Blistig lo miró furioso.
—La consejera convierte al capitán de la guardia de su casa en puño y se supone que yo…
—Cuarto Ejército —le soltó Gamet—. En la compañía primera desde el comienzo. Las Guerras Wickanas. Veintitrés años de servicio, comandante. Conocí a Coltaine cuando usted todavía estaba jugando en las rodillas de su madre. Me atravesó el pecho una lanza, pero resultó que era demasiado obstinado para morir. Mi comandante tuvo la amabilidad de retirarme a lo que supuse que era un puesto seguro de vuelta en Unta. Sí, capitán de la guardia en la Casa Paran. ¡Pero me lo gané, maldita sea!
Después de un largo instante, una sonrisa irónica crispó la boca de Blistig.
—Así que está tan contento de estar aquí como yo.
Gamet hizo una mueca, pero no respondió.
Los dos malazanos regresaron a sus caballos.
Gamet se subió a la silla antes de hablar.
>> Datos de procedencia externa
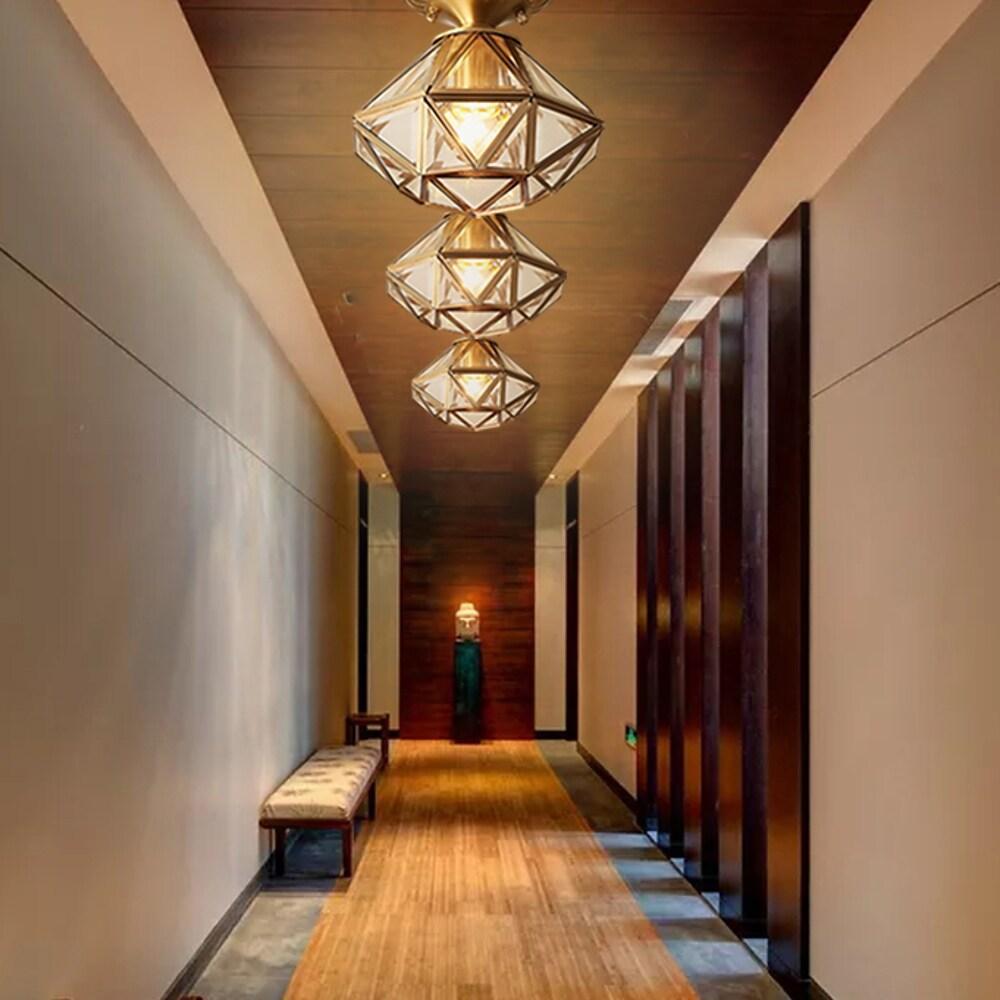 ndnb1606462535579-984cd810-cdfb-4440-bb36-c48c4cdc4277.jpg Vintage Flush Mount Ceiling Light Lantern Metal Glass Industrial Light - Image 1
—Estamos esperando el último transporte de tropas de la isla de Malaz, llegarán hoy, en algún momento. La consejera quiere que todos los comandantes se reúnan en su cámara de consejo a la octava campanada.
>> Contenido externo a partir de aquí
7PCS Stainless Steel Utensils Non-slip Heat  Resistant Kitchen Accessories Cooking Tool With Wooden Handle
—¿Con qué fin? —preguntó Blistig.
Si por mí fuera, para verte ahogado y descuartizado.
—Usted esté allí, comandante.
La inmensa desembocadura del río Menykh era un remolino marrón e hinchado que se metía media legua en la bahía de Aren. Apoyado en la barandilla de estribor del transporte, justo detrás del castillo de proa, Cuerdas estudiaba el agua agitada que tenía debajo, después levantó la mirada y contempló la ciudad que se veía en la orilla norte del río.
Se frotó los pelos que le salían en la larga mandíbula. El tono rojizo de la barba de su juventud había dado paso al gris… que siempre era buena señal, en lo que a él se refería.
La ciudad de Aren no había cambiado mucho en los años transcurridos desde la última vez que él la había visto, aparte de la pobreza de los barcos del puerto. La misma capa de humo que la cubría, el mismo torrente interminable de desechos que trepaban por las corrientes y se metían en el Abismo del Buscador, por el que navegaba aquel transporte perezoso de gran eslora.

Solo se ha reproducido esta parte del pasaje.